View of Sigiriya from the top of Pidurangala

Almost to the summit is a large reclining Buddha in a cave. Travel Tip for ladies: you can wear shorts for this hot and humid climb, just remember a sarong to wear for the two sacred sights on the way.

Reclining Buddha near the top of Pidurangala Rock
Sigiriya Rock, also known as Lion Rock

We rented a scooter for $10 and had a rainy day adventure starting with a trip back to Dambulla to see the Dambulla Cave Temple.

Golden Buddha at the entrance of Dambulla Cave Temple
Temple Monkey: these guys eat the flower offerings and will grab them right out of your hand

We saw lots of monkeys on the stone staircases leading through the jungle towards the actual cave temple. One quick monkey stole the entire bunch of flowers I was carrying.

Toque Macaque Monkey

Travel Tip: make sure you buy your tickets at the entrance! We didn’t see any signs until we had climbed many stairs in the rain only to discover as non-Sri Lankans we’d have to return to the bottom for our tickets to see the cave temple. So we didn’t see the cave temple after all.

Bath time for beastie

We enjoyed the many sights to see by scooter including plenty of elephants, even wild ones! Sigiriya was a quiet town with plenty of wildlife and lonely roads through rice paddies and jungles. The food was great and guesthouses were affordable.

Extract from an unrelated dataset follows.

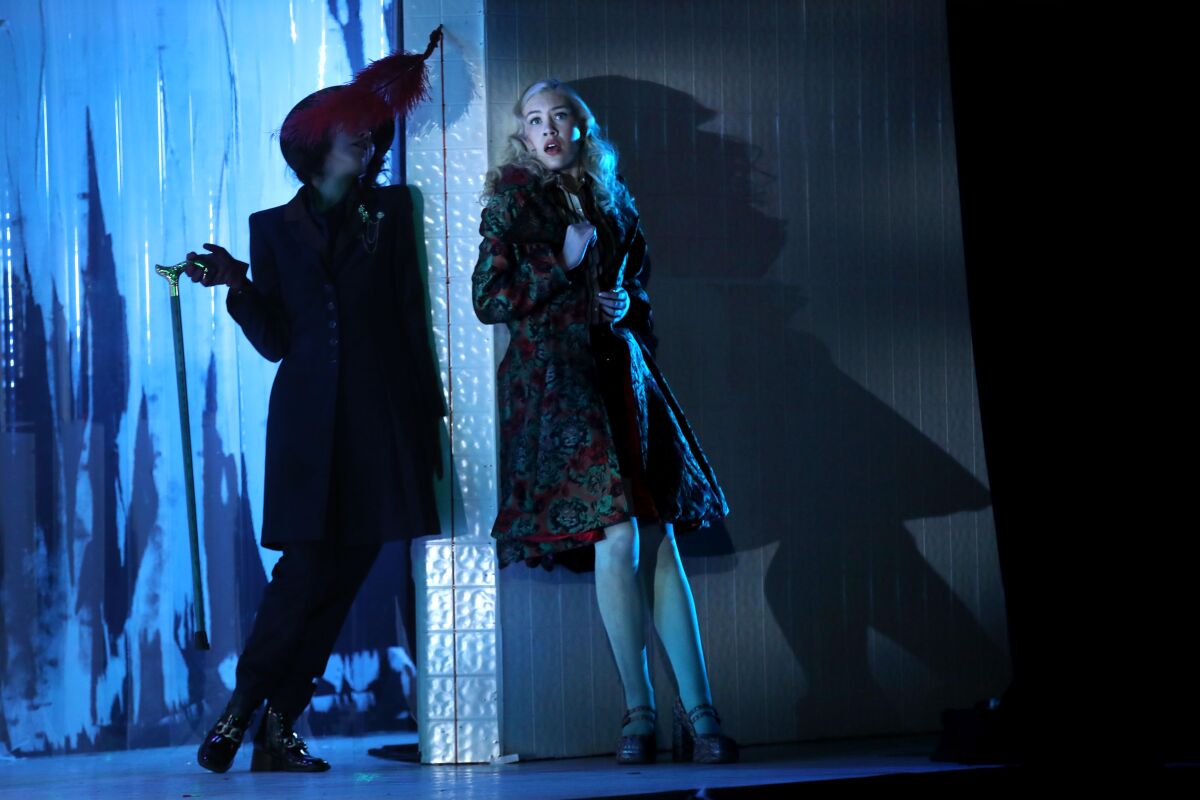 Tivoli Treloar right, as The Lover, and Laurel Irene, as Shame, in a dress rehearsal of Kate Soper's "Romance of the Rose."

A great area to explore in Sri Lanka!

Common sight in Sigiriya

 

Kandy, Sri Lanka January 2018

The Temple of The Sacred Tooth Relic

To those of us who speak English there is a certain humour in the fact that the city of Kandy has The Temple of The Sacred Tooth Relic. To the Sri Lankan people the tooth relic is the actual tooth of the Buddha and whoever holds the relic holds the governance of the country. To worship and give offerings in this holy place significantly helps you on your journey towards enlightenment.

Evening Puja (prayers) includes drummers and horn players in The Temple of The Sacred Tooth

Masses of worshippers and tourists shuffle in line three times a day during Puja, the only time the doors are open to see the golden casket that holds The Tooth. Actually it’s seven gold caskets nestled within each other like a Russian doll, with the tooth in the smallest one.

Flower offerings in The Temple of The Sacred Tooth Relic

Kandy was a bit warmer than the hill country we’d arrived from and downtown was busier as well. However we did find some quaint corners left over from it’s glory days.

Historic Downtown Kandy

The beautiful Royal Botanic Gardens were a special treat and for 1,500 rupees ($10) deserve a visit for anyone going to Kandy.

Royal Botanic Gardens
There is a large collection of Palm trees at the Royal Botanic Gardens
Ian under a cannonball tree

A 30 minute scooter drive through winding, quiet country roads (a relief after the traffic in Kandy) brought us to the ancient Lankatilaka Vihara Temple. The temple doors were closed but a monk was happy to open them up for us and even adjusted the lighting inside for the benefit of our pictures.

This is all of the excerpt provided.